The City will provide free Wi-Fi “SuperSpots” to increase internet access for students at home due to school closures to continue distance learning.
The 25 new Wi-Fi spots will be located in areas with the highest need including public housing sites, single-room occupancy buildings, community centers, and other neighborhood locations where there is a concentrated population of students lacking internet connectivity. Each spot, powered by Sprint, will provide internet access for 100 users and will remain in place for the remainder of the school year.
“Every student in San Francisco needs to be able to stay connected to their teachers and classmates and keep learning as they stay home with their families during this time, regardless of where they live or if their family can afford to pay for high-speed internet,” said Mayor London Breed at a press conference Friday. “We know that access to the internet is a barrier to distance learning for many students.”
An estimated 10,000 students in grades three to 12 need access to a device and Wi-Fi to support distance learning at home, while 29% of students do not have internet access at home, according to the San Francisco Unified School District.
On March 25, SFUSD administrators announced an extension of school closures due to COVID- 19 until May 1. All SFUSD schools will begin teacher-guided lessons through distance learning the week of April 13 till the end of the school closures, which is projected to continue till the end of the school year.

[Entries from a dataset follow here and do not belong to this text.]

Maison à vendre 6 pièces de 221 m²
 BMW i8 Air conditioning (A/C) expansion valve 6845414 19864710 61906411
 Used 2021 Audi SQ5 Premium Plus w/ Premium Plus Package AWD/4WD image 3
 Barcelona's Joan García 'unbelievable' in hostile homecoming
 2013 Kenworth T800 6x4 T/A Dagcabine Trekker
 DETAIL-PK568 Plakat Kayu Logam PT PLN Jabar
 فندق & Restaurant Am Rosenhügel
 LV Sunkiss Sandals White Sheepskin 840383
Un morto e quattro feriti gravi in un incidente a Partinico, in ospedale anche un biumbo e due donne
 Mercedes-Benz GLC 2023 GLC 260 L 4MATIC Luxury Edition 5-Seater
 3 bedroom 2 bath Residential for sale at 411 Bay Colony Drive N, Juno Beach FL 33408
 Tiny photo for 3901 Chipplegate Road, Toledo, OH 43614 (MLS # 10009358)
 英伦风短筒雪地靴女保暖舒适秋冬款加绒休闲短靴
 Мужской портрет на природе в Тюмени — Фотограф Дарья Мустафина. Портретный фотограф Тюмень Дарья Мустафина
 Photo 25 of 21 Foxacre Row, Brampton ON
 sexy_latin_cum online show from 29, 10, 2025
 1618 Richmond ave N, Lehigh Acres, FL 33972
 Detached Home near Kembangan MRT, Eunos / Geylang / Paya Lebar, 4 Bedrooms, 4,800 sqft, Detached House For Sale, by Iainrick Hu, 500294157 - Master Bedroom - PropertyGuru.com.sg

“SFUSD is committed to finding equitable ways for our students to continue learning while schools are closed. Having access to a dedicated computer and Wi-Fi is critical for students to sustain the connection to their teachers and educational content,” Superintendent Vincent Matthews said.
Since announcing the school closures on March 16, SFUSD has distributed over 5,000 laptops to students in need. The purchase of an additional 4,000 laptops is planned, Breed said.
Breed said the City will continue to deploy additional Wi-Fi hotspots to complement the existing free internet provided to low-income residents through the Fiber to Housing program. The new “SuperSpots” equipment, installation, and operating costs are fully covered by national nonprofits, the 1Million Project Foundation and EducationSuperHighway.
“It’s been amazing to see the community come together and so many people go out of their way to provide the level of resources that are instrumental to all children in San Francisco having access to tools to learn,” Breed said.